----- Dataset records -----

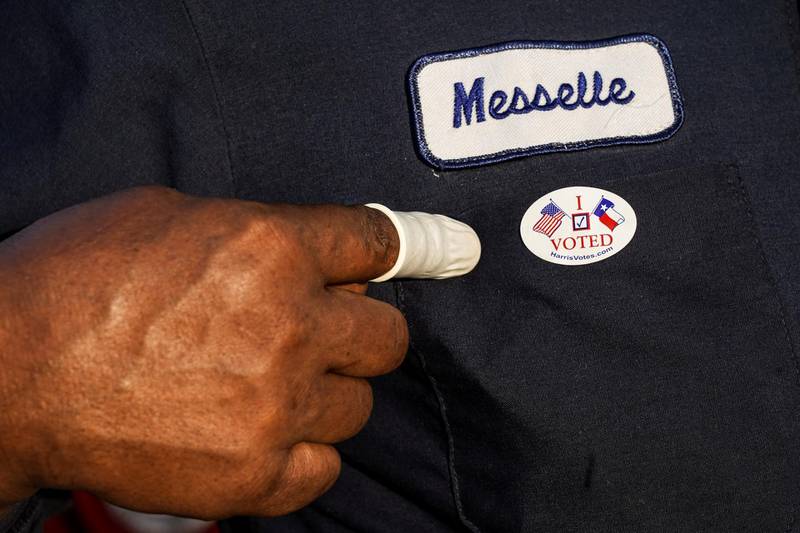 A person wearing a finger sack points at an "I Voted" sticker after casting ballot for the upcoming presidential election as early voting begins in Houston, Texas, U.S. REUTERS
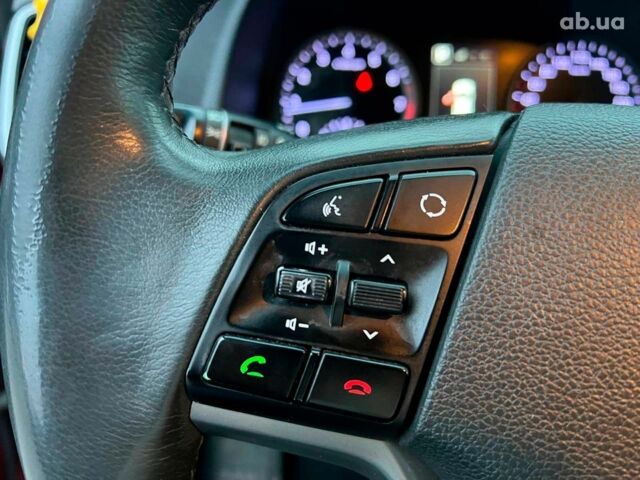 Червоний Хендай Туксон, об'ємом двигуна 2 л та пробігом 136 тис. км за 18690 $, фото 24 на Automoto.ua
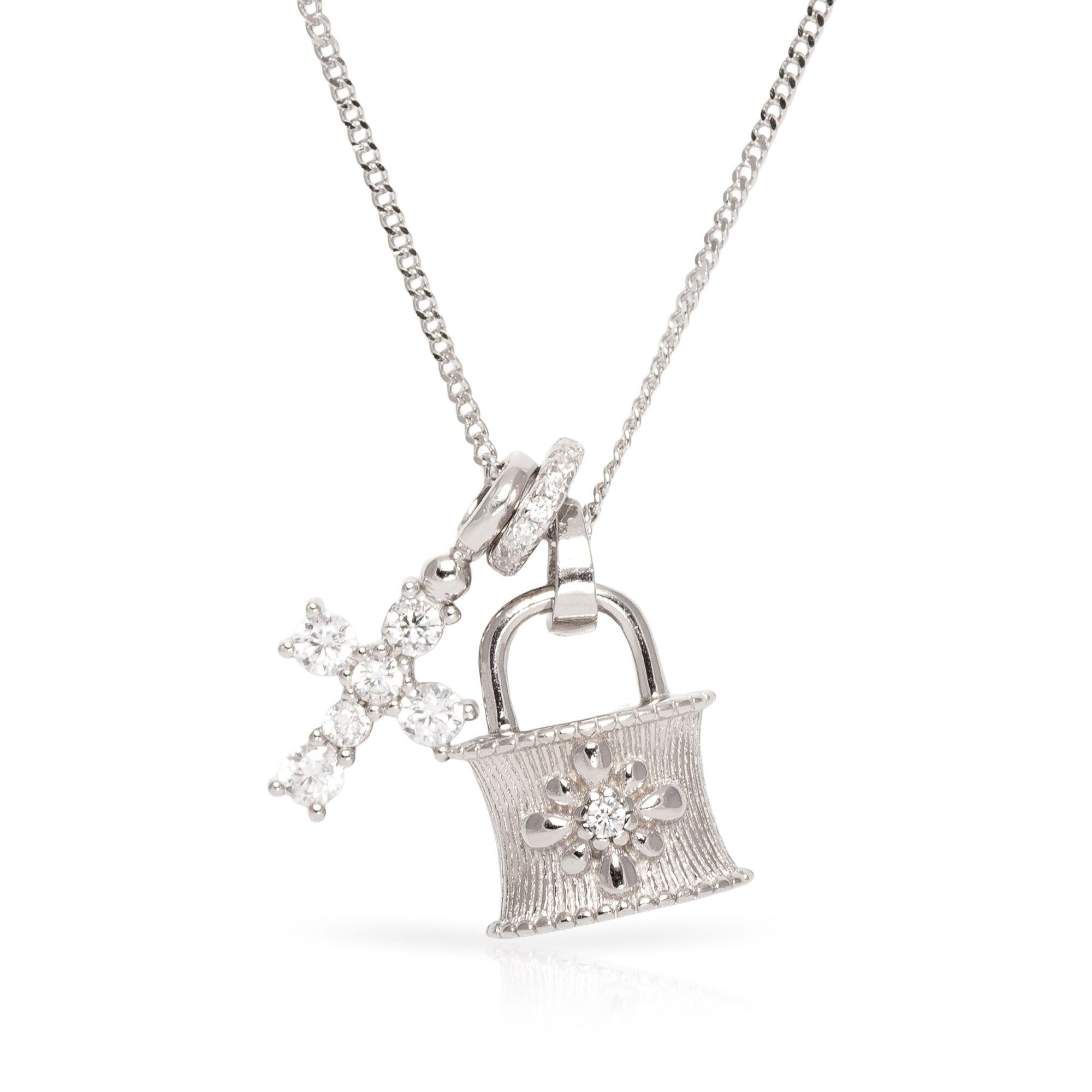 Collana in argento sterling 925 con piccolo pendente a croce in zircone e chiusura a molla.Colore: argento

-----
----- Dataset records -----

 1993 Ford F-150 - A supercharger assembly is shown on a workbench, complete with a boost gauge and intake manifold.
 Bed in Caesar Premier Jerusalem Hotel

-----

_Assignment_:
Once the line with "A person wearing" is found in the data above, reproduce it and each line after it exactly, through the line with "Collana in argento". Omit the pictures.

_Solved exercise_:
 A person wearing a finger sack points at an "I Voted" sticker after casting ballot for the upcoming presidential election as early voting begins in Houston, Texas, U.S. REUTERS
 Червоний Хендай Туксон, об'ємом двигуна 2 л та пробігом 136 тис. км за 18690 $, фото 24 на Automoto.ua
 Collana in argento sterling 925 con piccolo pendente a croce in zircone e chiusura a molla.Colore: argento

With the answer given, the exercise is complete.